How to Set Up an AKS Node Pool maxCount Alert Using KQL and ARG

URL has been copied successfully!

Reading Time: 5 minutes

If you’re running an Azure Kubernetes Service (AKS) cluster, you know how critical it is to monitor your node pools, especially when they hit their maximum node count and can’t scale further.

Recently, I faced the challenge of building an Azure alert that dynamically checks every node pool in an AKS cluster and fires if any of them hit their maxCount. Along the way, I ran into some tricky issues, from missing data and parsing problems to permission errors. In this guide, I’ll show you how to set up an AKS node pool maxCount alert to monitor when your cluster reaches its autoscaling limit.
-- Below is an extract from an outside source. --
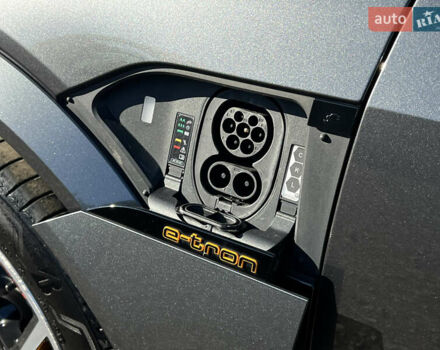 Серый Ауди E-Tron, объемом двигателя 0 л и пробегом 42 тыс. км за 47848 $, фото 82 на Automoto.ua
Why Monitor Node Pool Maximums

In AKS, node pools are groups of VMs that run your Kubernetes workloads. With auto-scaling enabled, AKS automatically adds or removes nodes based on demand, but only up to a maximum (maxCount). If a node pool hits that limit, it won’t scale any further—leading to performance bottlenecks or even failed deployments.

Setting up alerts based on hardcoded thresholds is not ideal. The better approach is to create a dynamic alert that:

Checks all node pools in your cluster
Looks up each pool’s actual maxCount from Azure
Compares it to the current number of Ready nodes
Alerts you when a pool hits or exceeds that maximum

The Plan: Combine ARG with Log Analytics

The approach was straightforward in theory:

Use Azure Resource Graph to retrieve each pool’s maxCount
Use Log Analytics (KQL) to count how many nodes are actually running
Join those results and alert when any pool is full

The idea was to join ARG data (node pool configs) with Log Analytics data (node counts) in a KQL query, then set up an alert to notify me when any node pool hits its limit. Sounds simple, right? Well, Azure had other plans!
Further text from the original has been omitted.